[PATCH 20/24] huge tmpfs: use Unevictable lru with variable hpage_nr_pages()

From: Hugh Dickins
Date: Fri Feb 20 2015 - 23:24:00 EST


A big advantage of huge tmpfs over hugetlbfs is that its pages can
be swapped out; but too often it OOMs before swapping them out.

At first I tried changing page_evictable(), to treat all tail pages
of a hugely mapped team as unevictable: the anon LRUs were otherwise
swamped by pages that could not be freed before the head.

That worked quite well, some of the time, but has some drawbacks.

Most obviously, /proc/meminfo is liable to show 511/512ths of all
the ShmemPmdMapped as Unevictable; which is rather sad for a feature
intended to improve on hugetlbfs by letting the pages be swappable.

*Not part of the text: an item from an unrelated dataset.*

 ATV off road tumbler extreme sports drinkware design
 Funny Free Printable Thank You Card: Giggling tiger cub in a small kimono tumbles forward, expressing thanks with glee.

But more seriously, although it is helpful to have those tails out
of the way on the Unevictable list, page reclaim can very easily come
to a point where all the team heads to be freed are on the Active list,
but the Inactive is large enough that !inactive_anon_is_low(), so the
Active is never scanned to unmap those heads to release all the tails.
Eventually we OOM.

Perhaps that could be dealt with by hacking inactive_anon_is_low():
but it wouldn't help the Unevictable numbers, and has never been
necessary for anon THP. How does anon THP avoid this? It doesn't
put tails on the LRU at all, so doesn't then need to shift them to
Unevictable; but there would still be the danger of an Active list
full of heads, holding the unseen tails, but the ratio too high for
for Active scanning - except that hpage_nr_pages() weights each THP
head by the number of small pages the huge page holds, instead of the
usual 1, and that is what keeps the Active/Inactive balance working.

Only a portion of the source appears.